Honor Award

Urban Arboriculture

Dylan Salmons, Associate ASLA, Undergraduate, Pennsylvania State University
Faculty Advisor: C.Timothy Baird, ASLA

Project Statement

Urban Arboriculture functions as a hybrid set of spaces bridging the performance of productive landscapes with parkland program.  The resultant parks aim to assist the city by cultivating nursery and wetland stock for greening projects, while serving as learning and recreation centers for adjacent neighborhoods.

Project Narrative

A terrific way of dealing with this problem that could be adapted anywhere. Inventive, cost-effective, and easily achievable.
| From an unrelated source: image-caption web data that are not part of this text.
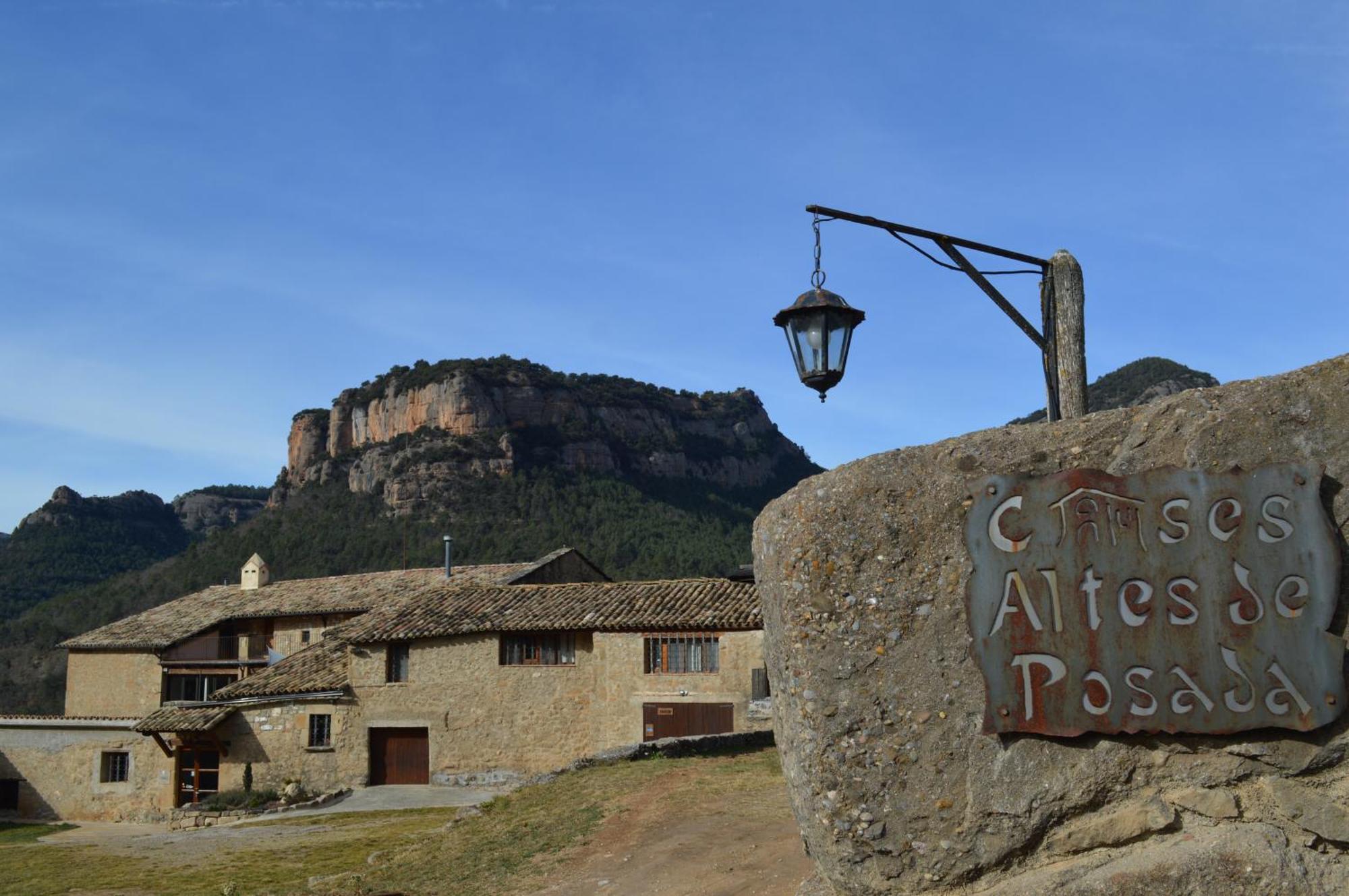 Cases Altes De Posada Naves  Exterior photo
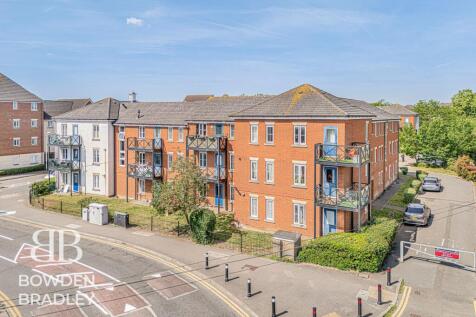 Hevingham Drive, Chadwell Heath, RM6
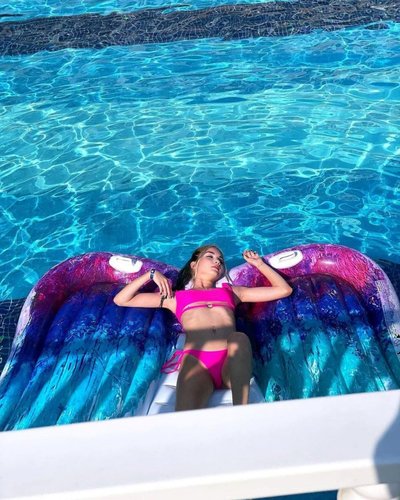 Sofa Kuper Nude Leaks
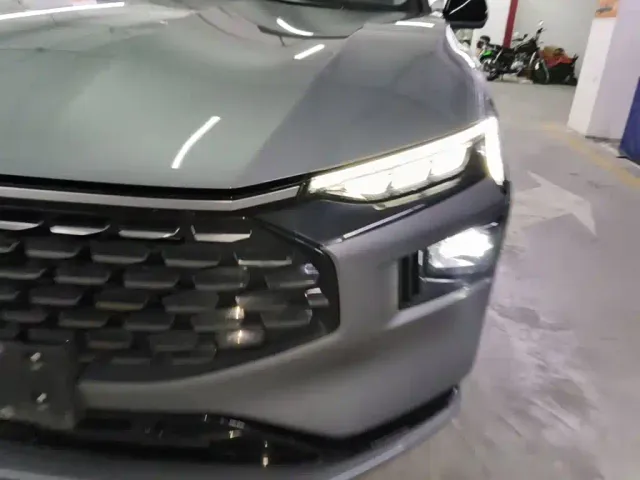 Ford Mondeo — Фото автомобиля 23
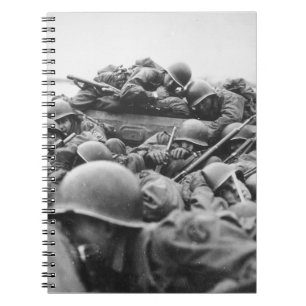 ラインを横断する第二次世界大戦の連合軍の兵士 ノートブック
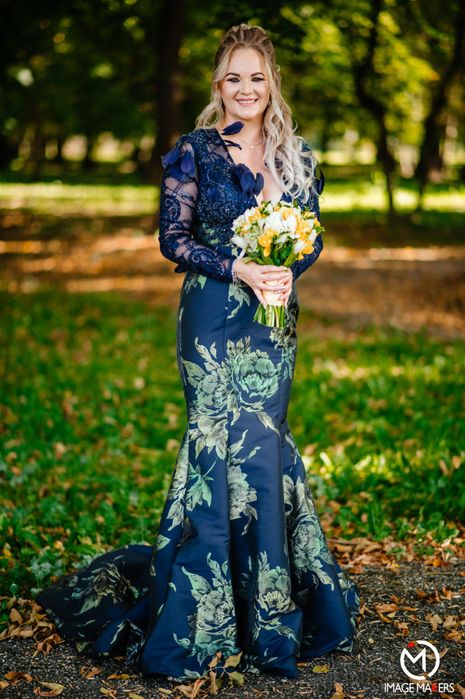 Vând rochita din dantelă și cu trena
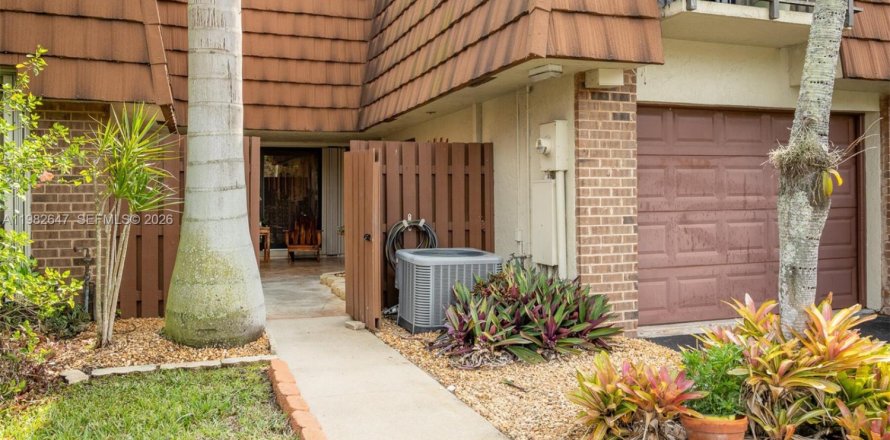 Touwnhouse à Davie, Floride 3 chambres, 176.33 m2 № 2068676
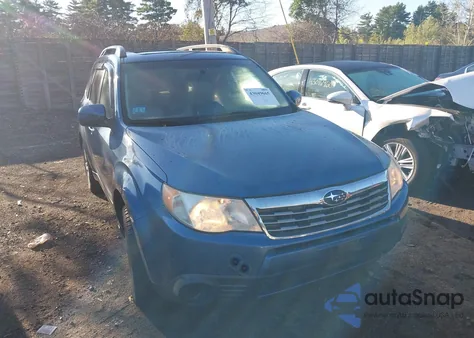 2010 Subaru Forester 2.5X Premium из США, поврежденный, VIN JF2SH6CC2AH731852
Very innovative.
—2011 Student Awards Jury

Over the past several years, the city of Philadelphia has worked to institute a series of "greening" programs. As a result of these plans, Fairmont Parks Authority has been granted $2.5 million to increase the canopy cover of the city to 30 percent by the year 2015. The Spring 2010 studio focused on the creation of supplemental urban nurseries to enable Fairmont Park's goal.

Urban Arboriculture surfaces as a response to the demand for green goods and place-making within the urban environment. Divided into two parts, charrette and intensive studio, the design focuses on tree production while retaining useful open space. The charrette space is designed as a terminus of the intensive production of the studio, as well as a laboratory for storm water remediation. The focus site utilizes a variety of contemporary design programs. All material from this site is contained in parametrically designed planting trays able to accommodate any specimen. In addition to tree growth, the core of the focus site is a constructed wetland, treating point source runoff from site context, as well as providing a growing medium for riparian species to be used throughout city "green" projects.